Despite the holes, they're a sturdy and resilient building material.
Air bricks are often mixed with standard masonry bricks and blend with the surrounding surface, save for the ventilation holes. Standard air bricks are punctured with many circular holes.
The wide face of the brick has multiple holes, less than an inch apart, all the way through from one side to the other. You can also buy air bricks in non-standard shapes, like squares, and sizes to fit any project.
Air bricks are primarily used to ventilate foundations where the first floor is wood over soil. In cold weather when the temperature of the home is higher than the temperature of the soil, condensation can collect on the underside of wood flooring, leading to rot.
Air bricks allow air to circulate under the floor and reduce the possibility of damage. Normal brick foundations above soil crawl spaces without ventilation holes do not allow adequate circulation.
Read any documentation you have from the manufacturer of your home or ventilation system to determine what type of air bricks you should use in your building project.
Some air bricks are actually made of metal. They're still called air bricks because they serve the same function as normal air bricks and because they're shaped and sized the same way.

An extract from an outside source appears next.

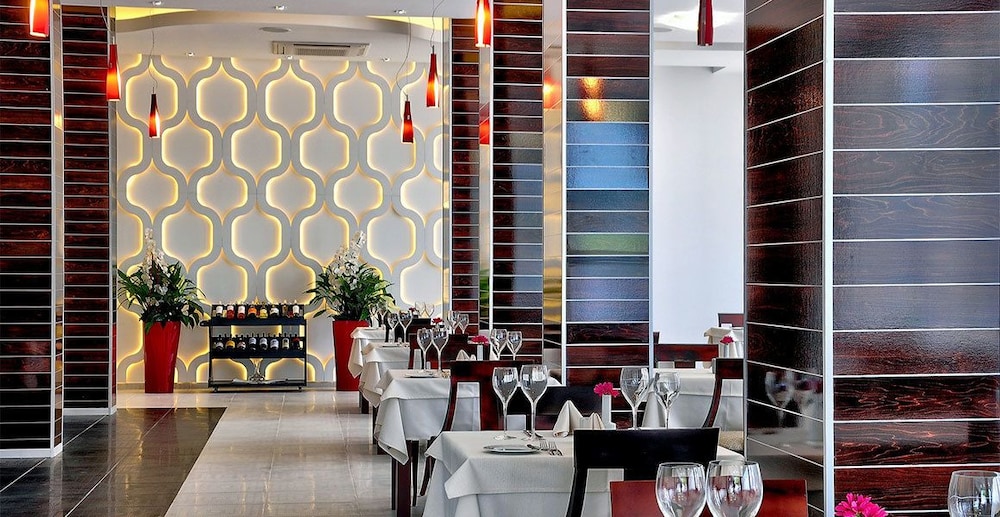 Grifid Hotel Metropol - Premium All Inclusive — Restaurant & bars in Golden Sands, Varna Region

Many specialized air bricks have decorative holes cut into them--this is especially true of cast iron and other metal air bricksYou can also buy plastic or terra-cotta air bricks. Determine what's best for your project before you purchase.
Inserting an air brick into your project is as simple as creating a hole in the wall of the foundation and inserting an air brick. While air brick sizes vary, a standard 9- by 3-inch brick is fine for most projects.
It is crucially important to keep the air brick from being blocked. A blocked air brick encourages just as much rot as a regular brick.
You can include a vent screen when you install the air brick to help keep debris from filling the holes. If you notice a draft in your home after installing the air bricks, it may be from air flow under your floorboards.
Try closing any vents in your home and placing rugs on the floor or additional insulation between the floor joists.